Key Steps to building a robust individual giving program, Part IV – Stewardship: come back and visit us often By Carl Sylvestre

Development is an ongoing process.   Securing a gift is not the end of the process but the beginning of the next phase.  Philanthropy is not a lifeless transaction that transfers money from one set of hands to another.  The focus of philanthropy is to help people recognize that they are in the business of spreading ideas.  To achieve this goal you have to remind your prospects turned donors that they are appreciated.

Defining Stewardship

Stewardship is the act of managing a relationship.  It is coming up with ways to make sure that the donor feels like a member of an extended family.  Stewarding the donor is critical to building good will as well as planting the seeds for future gifts.  When prospects become donors make sure that gifts are acknowledged.  Furthermore, the donor should be regularly informed of the progress of your work and the results that were facilitated from their individual gifts.  

If the donor is treated personally, professionally and kindly their confidence in the organization will continue to be affirmed.  This is where the hard work that has come before reaps its benefits.  It costs the organization money if you do not work hard to retain your donors.  Adding new donors is a time consuming and expensive undertaking and the return on investment increases over a period of time.  There are numerous challenges in the retention of donors, the number of nonprofit organizations increases annually and thus competition for contributions is far greater.

To counter act this reality, it is best to develop a concrete plan on how to keep in touch with your donors.  Be creative in figuring out the tools to make the right connections.  For new donors it starts by welcoming and thanking them quickly.  In acknowledging the gift, restate your mission and tell them what you are doing.  Whenever possible, send a hand written note as this is certain to make them feel special and to be reminded that their action is appreciated.

A key point in the stewardship process is to help your donors think about outcomes, not dollar amounts.  Whether you are asking for a small or large contribution, you need to keep making the case why your organization is the best place for a gift.  Help your supporters think about how far their dollars go and what their gifts accomplishes.  When you share your story and your successes with your audience, you turn unmotivated, occasional givers into engaged, regular donors.

Record Keeping

A key to achieving successful donor management is good record keeping.
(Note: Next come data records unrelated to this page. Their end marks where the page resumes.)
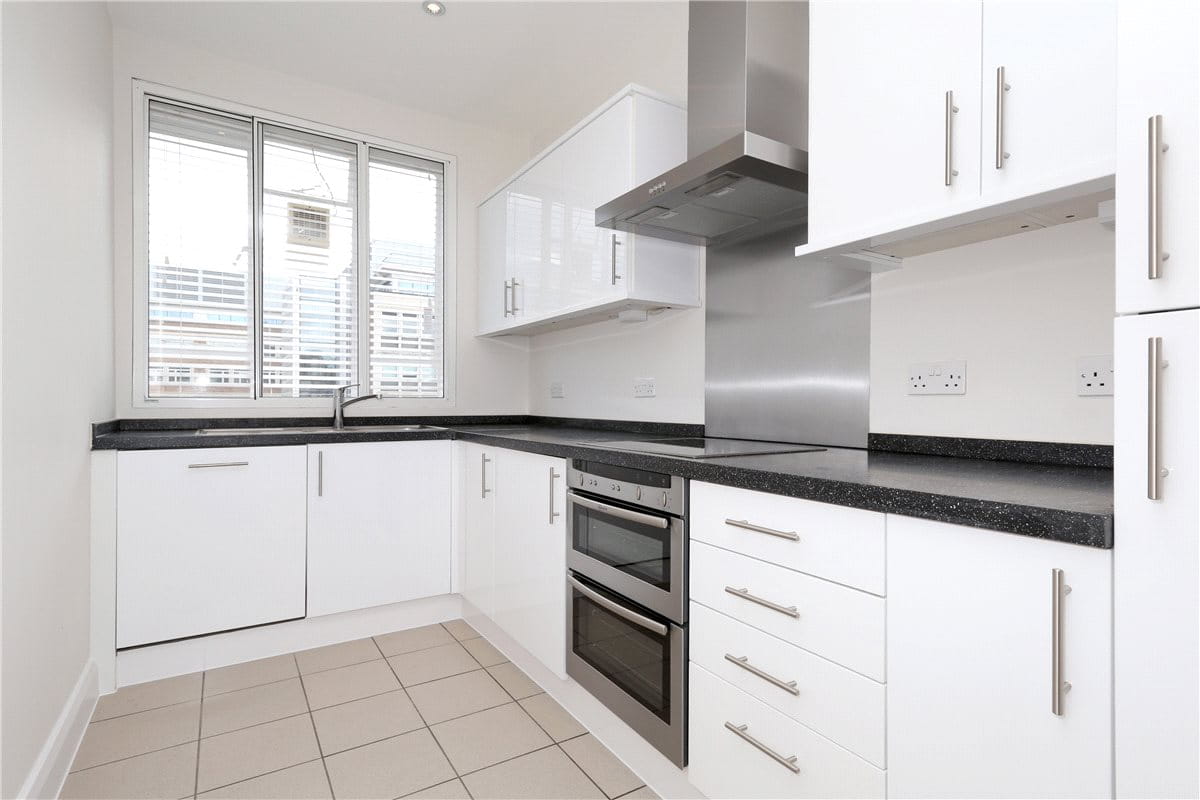 2 bedroom flat, Gloucester Place, Marylebone W1U - Let Agreed
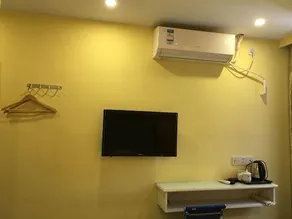 Ai Jiu Hotel - Image 4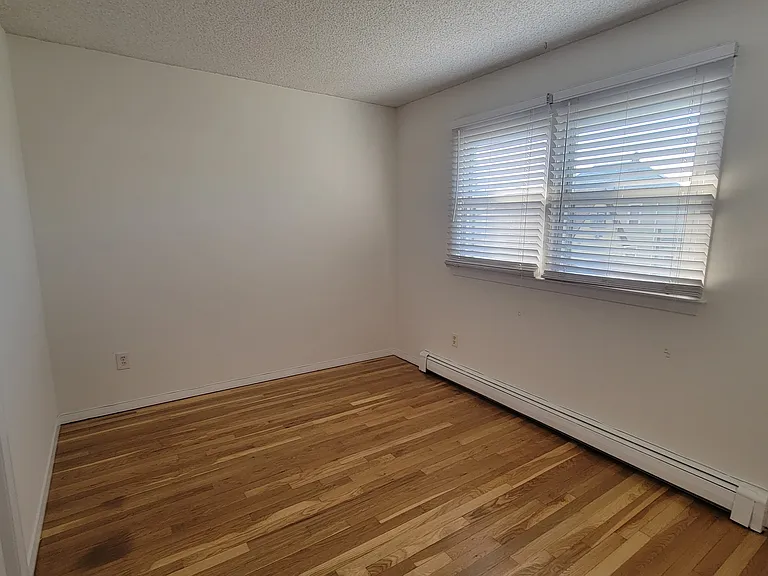 337 Outwater Ln #2 — Photo 7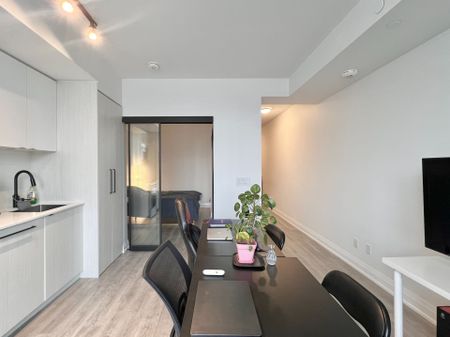 For Lease - 2369 Danforth Avenue Unit# 205, Toronto, Ontario - Photo 3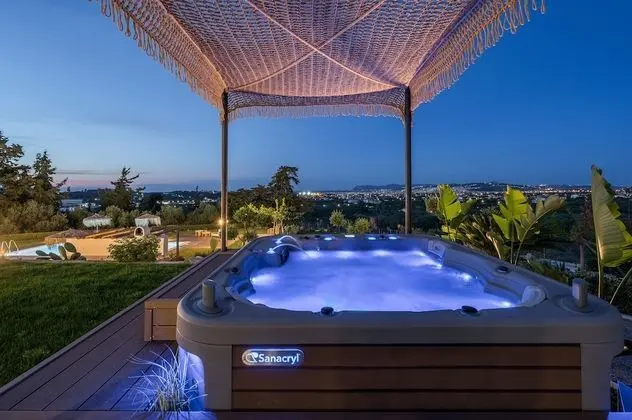Özel spa küveti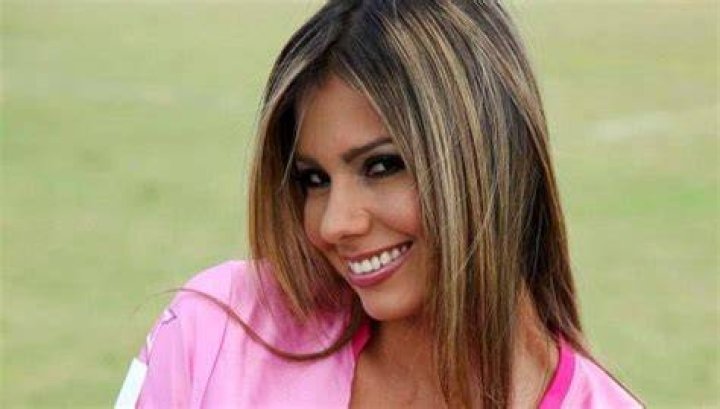 Esperanza Gomez Personal Life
There are countless donor management systems on the market, ranging in price from free to tens of thousands of dollars.  Whether or not a dedicated computerized donor database is a worthwhile investment depends on the size of your donor pool, long-term goals, and the number of the organization’s staff that is dedicated to fundraising.

As part of the database you aim to capture the following:  

  • Donor names and contact info.
  • Date, amount and designation – how the money is to be used – of any gift received.
  • For pledges – amount of gift, number of payments, and payment dates.
  • Do not contact, do not solicit, do not email/mail/call requests that you must honor.

It helps to keep a brief record of any meetings or conversations with the donor or prospect where they indicate any likes or dislikes about your organization.  This information is the building block for future requests.

Challenges In Good Stewardship

Staff and even leadership turn over are some of the challenges in stewardship.  Regardless of what happens, the organization needs to be able to continue the relationship with the donor even if the primary contact person in the organization is no longer around.  In addition, keeping good records has financial and legal implications, especially if you are accepting donations for a certain program, you need to be able to demonstrate that the funds were spent as intended by the donor.

Keep Growing

Developing and growing an individual giving base is an on going process with the ability to learn at each step of the process.  As you build your program, you will be working continually with different prospects/donors who are at various phases in this process.  Do not lose sight of the final goal, which is helping you do the work that must be done.  That is how the program continues to evolve and grow.